# film on wax after boiling



## gswartz (Oct 8, 2014)

Hi everyone. This is my first year as a beekeeper and it went amazingly well. I ended up with quite a bit of wax after harvesting my honey and went through 2 different filtering methods. 

The first method was melting the caps in a crock pot and then straining it through some panty hose into a piece of tupperware. That worked well to give me some more honey and a block of wax but the wax was still a bit dark. So then I tried the boiling method, boiling it with some water and then draining the water after the wax solidified. I did this 3-4 times and each time the wax ended up with this white film on the bottom of it. If I wash it with hot water, most of it comes off, but after doing another boil, I get quite a bit again.

Is this normal? When I melt this down for lip balms, lotions, candles, etc. do I need to worry about it? And, what is it? Thanks!


----------



## drlonzo (Apr 15, 2014)

It sounds as if and looks as if the water that you are using may have some mineral content to it, that is if this is only cappings wax. If you have the means to do so, use some distilled water when you re-melt it and scrape off the film prior to melting it to see if that solves the problem. If not, then it may be propolis.


----------



## gswartz (Oct 8, 2014)

drlonzo said:


> It sounds as if and looks as if the water that you are using may have some mineral content to it, that is if this is only cappings wax. If you have the means to do so, use some distilled water when you re-melt it and scrape off the film prior to melting it to see if that solves the problem. If not, then it may be propolis.

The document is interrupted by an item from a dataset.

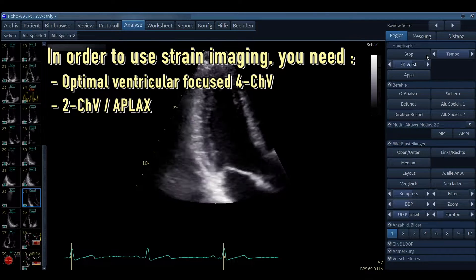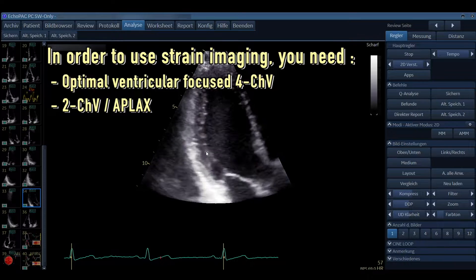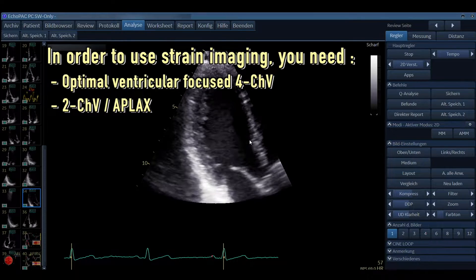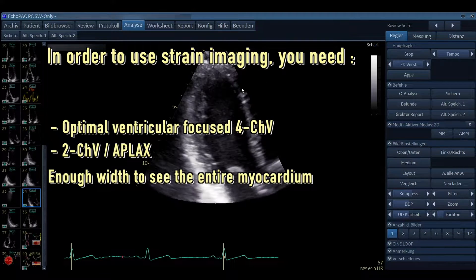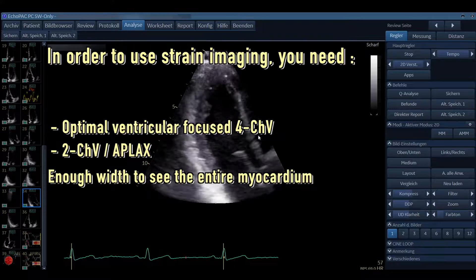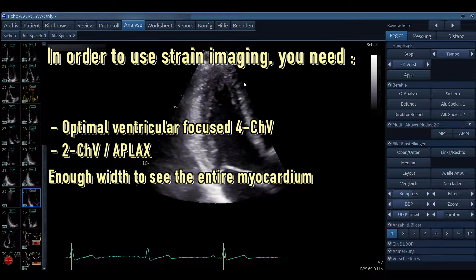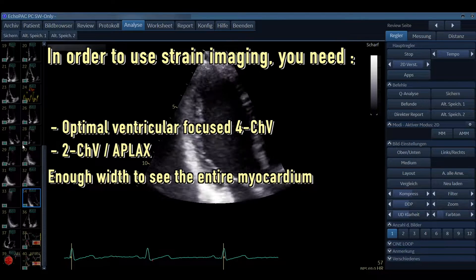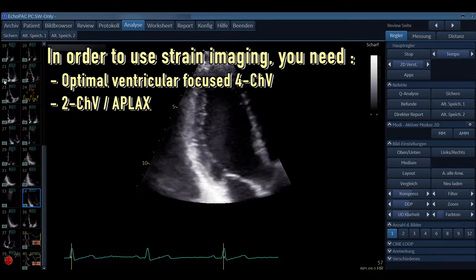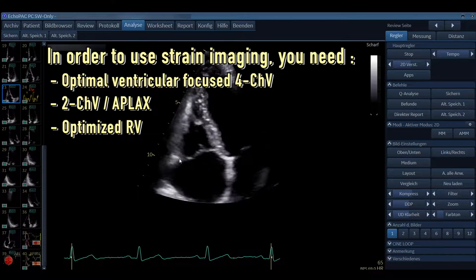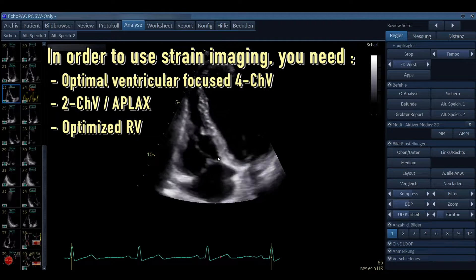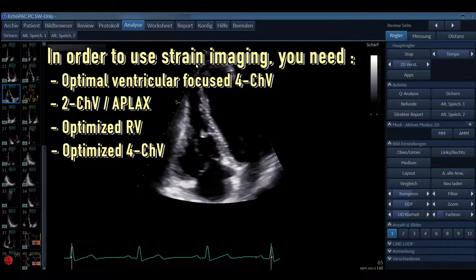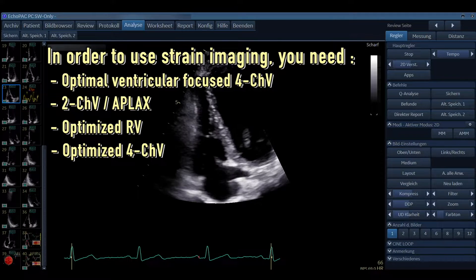Always keep in mind that views have to be as optimal as possible. When you don't see the endocardial borders, the machine will also have a problem seeing them. Always be aware to make the width broad enough that you really see the entire myocardium — if it's a little bit cut off, this is not an optimal view for strain imaging. In case of the right ventricle, you need an optimized right ventricular view, and also an optimized four chamber view to delineate the free wall of the right ventricle.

Ah yes, that might be it. We have well water with a good amount of iron content, so we use a water softener. Who knows what other minerals are in there. Thanks for the suggestion!


----------



## drlonzo (Apr 15, 2014)

Your welcome ! Glad I could try to help.


----------



## RayMarler (Jun 18, 2008)

Found this in a wax book pdf that someone sent me...

• Water-wax emulsions
1. the wax-water appears milky, due to the presence of calcium or iron in the water
Use 2-3 g of oxalic acid per kg wax and 1 l of water to bind calcium, prevent emulsion and to
brighten wax at the same time.
2. wax absorbs a greater amount of water: heat wax at 105 oC to remove water.
• Wax has a crummy structure
This is due to saponification of wax. The process can be reverted by boiling wax with sulfuric or
oxalic acid. Use soft water to prevent this, e.g. rain water. Water with a low mineral content should
be used if such problems arise. However, in some cases, water/wax emulsions can occur, even with
soft water. In such cases, raw molten wax in contact with water should be kept below 90°C.


----------



## Michael Bush (Aug 2, 2002)

A lot of things accumulate on the bottom of the wax. I think some of it is from the calcium (as already mentioned). If it's grainy, it's probably pollen that is soaked with water and some wax. Just scrape it off.


----------



## GaSteve (Apr 28, 2004)

I see stuff quite often on the bottom of the wax after it hardens over water. Most of it looks like sand. I just scrape it off the cake with a hive tool.


----------



## Bee Bliss (Jun 9, 2010)

Some people put the honey cappings into the pantyhose and then rinse in a bucket to remove most of the honey which is then fed to bees or used for mead. Then, using a solar melter, they put the bag of cappings on a single layer of paper toweling and melt into a container with an inch of distilled water. 

When I made the mistake of using tap water (with minerals) and ended up with the calcium crud at the bottom of the block of wax, I just filtered it thru the paper towel again and used distilled water. Easy.


----------